• S.S様(27歳)

    初来社から内定まで28日

    ハローワークに相談に来ていためっちゃ寒い雪も降るある日のこと。

     

    用を済ませてビルを出ると一人の若い男に声を掛けられた。

    手始めに求職者であるかの確認をされ、『私こう言う者です』と名刺を差し出された。

    どうやら就職サポートを生業としている者らしく事務所で話そうと言う。

    願ってもないお誘いではあるが、寒いし早く帰りたいので用事があるのでとすぐに切り上げようとした。

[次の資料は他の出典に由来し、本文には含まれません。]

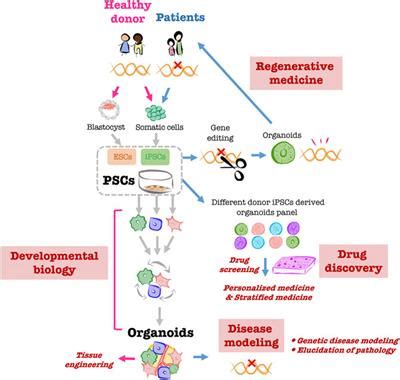 Frontiers Modeling Human Liver Organ Development And Diseases With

    それに聞いたことの無い社名にその職員らしき人物。

    怪しい。

    新手のキャッチかもしれん。

    ついていったら、ど偉い目に会わされるかもしれん。

    過去大きな不利益を乗り越えてきた私としては本当に避けたいシーンだ。

    ただでさえお財布が寂しい今、不当な高額請求には耐えられない。

    就職はしたい、でも明るく振る舞ってくれているのが逆に怖い。

    無理に振り返って歩き出せば止められはしないだろうが、チャンスだった場合の損失も考えなくてはならない。

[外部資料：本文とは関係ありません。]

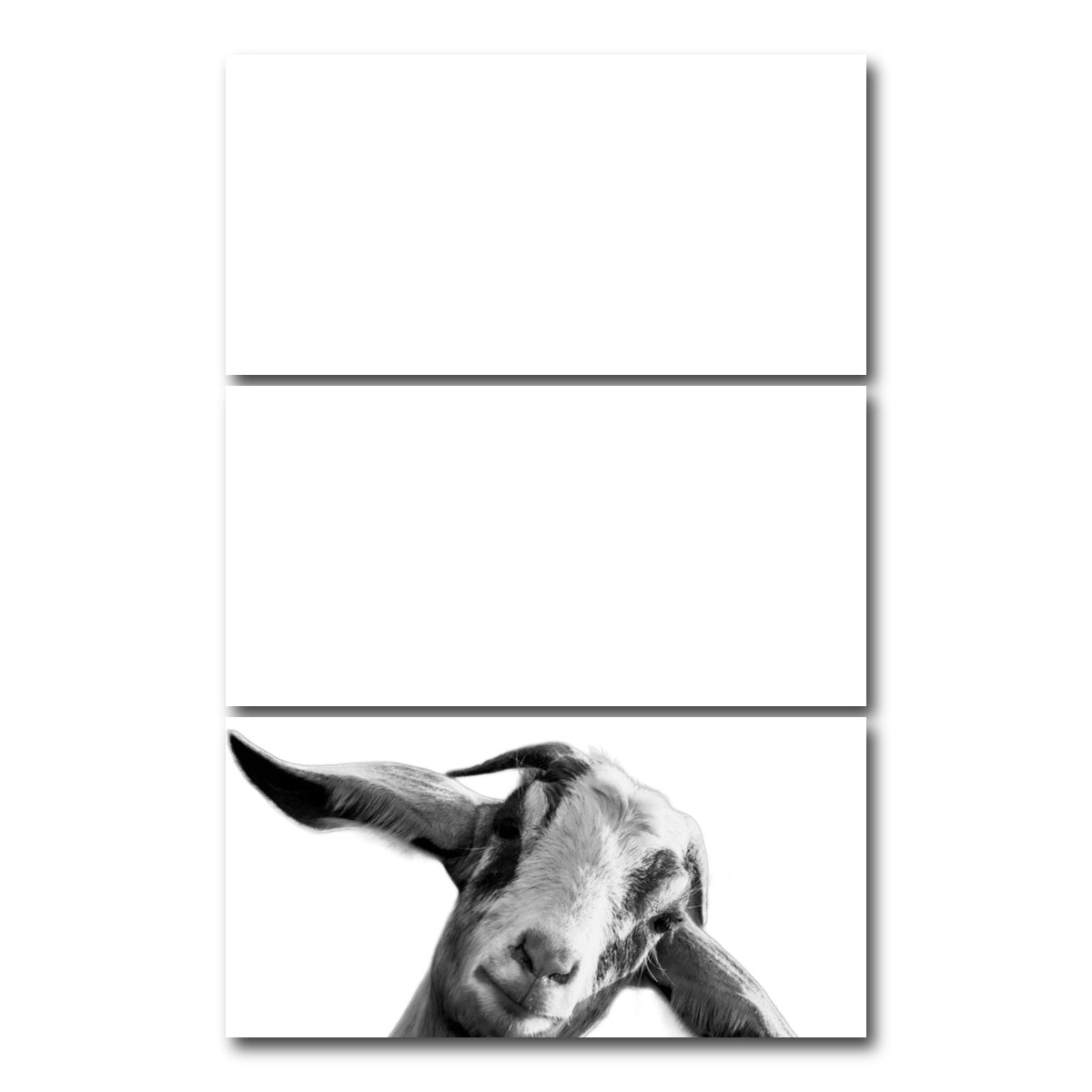 AUTO-MOCKUP WHITE | Goat | 3 Piece | Gallery Wrap Canvas | group=12x24_stacked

    信用に足る者か見定める事ができれば私にとっては大きなプラスかもしれん。

    葛藤の末、まずはその職員と戦ってみることにした。

    職業紹介事業者登録はされているか、運営しているサイトはあるか、競合他社との関係性、実績はどれほどあるのか。

    他にも重要な内容から些細などうでも良いような内容までランダムに攻撃を仕掛けた。

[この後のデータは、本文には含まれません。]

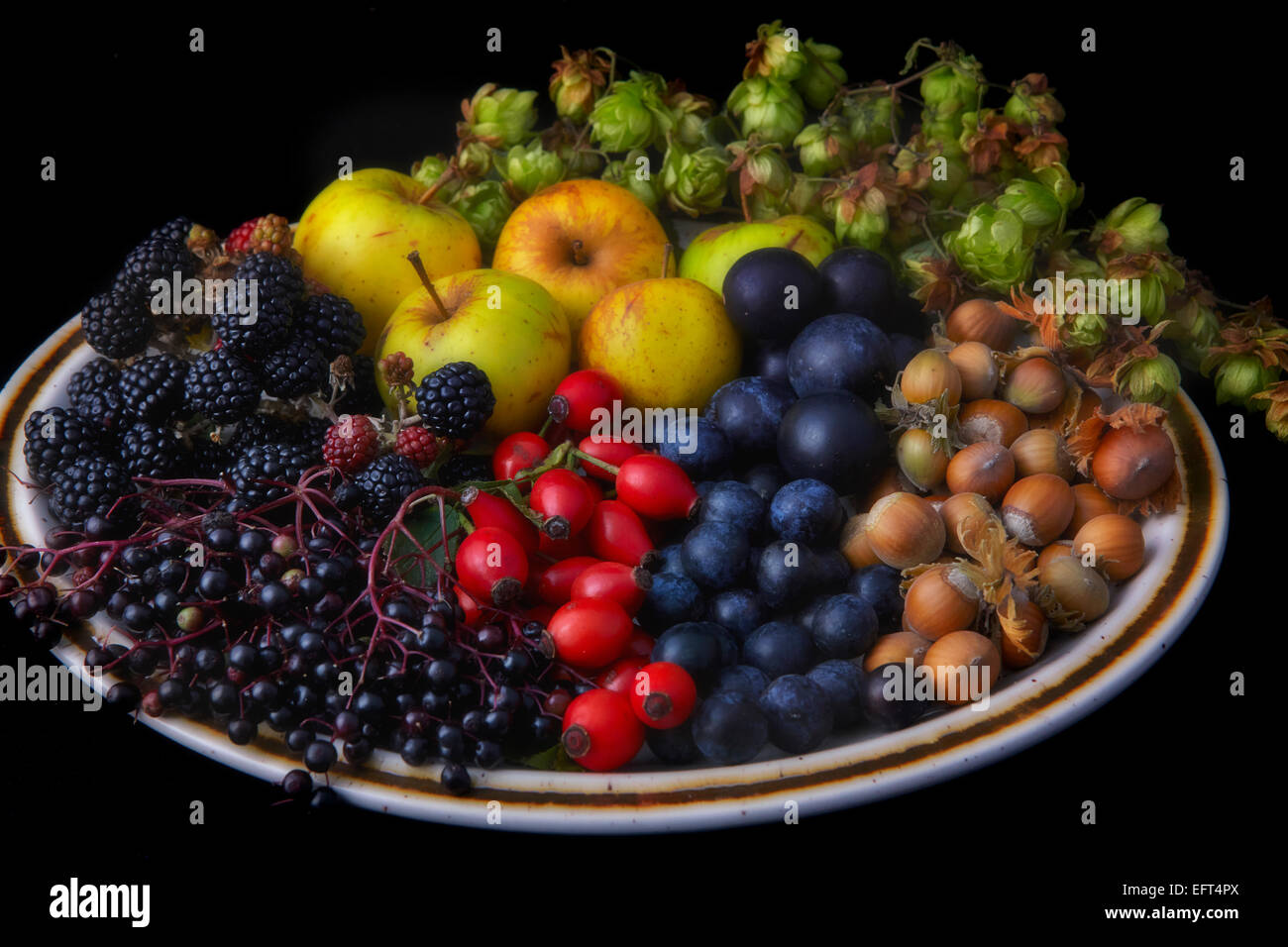 Fruits and nuts gathered from an English hedgerow in autumn Stock Photo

    しかし、その職員らしき人物は顔色も変えず全てにスマートな解答をもって反撃してきた。

    内心認め始めたのは戦いから約一時間後、息を切らしかけたその時だった。

    それは最後の一押しにして最強の一撃と言えよう。

    『もうずいぶん話しちゃったけどご用事は大丈夫ですか?』

    (用事なんて無いことに感づかれたか…)

    『一回来てみなよ、話だけでも良いよ』てニュアンスのことを言われた。

    実に持久戦の弱点を突いた素晴らしい攻撃だ。

    自衛本能全開でフルパワーで質問攻めをしてみたが私は、この後用事があると述べた時点から敗北が決まっていたのかもしれない。